Когда она взяла меня за руку и сказала: «Kee ka ime?»[121] — я была потрясена. Никогда в жизни я не слышала, чтобы белые так хорошо говорили на игбо. Она вела занятия на английском, а после них, хоть и не часто, беседовала со мной на игбо. Пока я изучала нужные тексты, она, перебирая бусины на четках, погружалась в собственное облако молчания. Она очень многое знала — я читала это по ее бездонным глазам цвета ореха — и молчала. Мне не так уж тяжело было двигаться, хотя доктору я категорично заявляла обратное. Жгучая боль, пульсировавшая в моем боку, ощущалась теперь как заживающая ссадина, пульсация в голове почти утихла. Но я плакала и кричала и не позволяла врачам касаться себя. Я не хотела выходить из больницы. Я не хотела возвращаться домой.
Экзамены я сдавала в больничной палате. Матушка Лючия сама принесла мне экзаменационные задания и, сидя на стуле рядом с мамой, ждала, пока я их выполню. Она даже выделила мне дополнительное время, но я сделала все задолго до истечения положенного срока. Спустя несколько дней матушка принесла мой табель. Я заняла первое место в классе, но приветственных песен от мамы не услышала. Она тихо выдохнула: «Слава Богу!»

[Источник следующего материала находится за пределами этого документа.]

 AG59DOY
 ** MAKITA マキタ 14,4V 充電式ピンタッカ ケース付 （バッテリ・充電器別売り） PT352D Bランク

В тот же день меня навестили мои одноклассницы с расширенными от ужаса и восхищения глазами. Им было сказано, что я с трудом выжила после несчастного случая. Они надеялись, что я вернусь в школу в гипсе, и мечтали написать на нем свои имена. Чинве Джидиз принесла мне открытку, на которой значилось: «Поправляйся скорее, тебя ждет тот, кому ты важна», и, сидя возле моей кровати, поговорила со мной приглушенным шепотом о разных разностях, будто мы с ней дружили всегда. Она даже показала мне табель — заняла второе место. Перед тем как девочки ушли, Эзинн спросила у меня:
— Ты ведь теперь не будешь убегать после школы, да?
В тот вечер мама сказала, что меня выпишут через два дня, но я отправлюсь не домой, а в Нсукку вместе с Джаджа на целую неделю. Она не знала, как тетушке Ифеоме удалось убедить отца, но он согласился с тем, что поездка будет полезна для моего скорейшего выздоровления.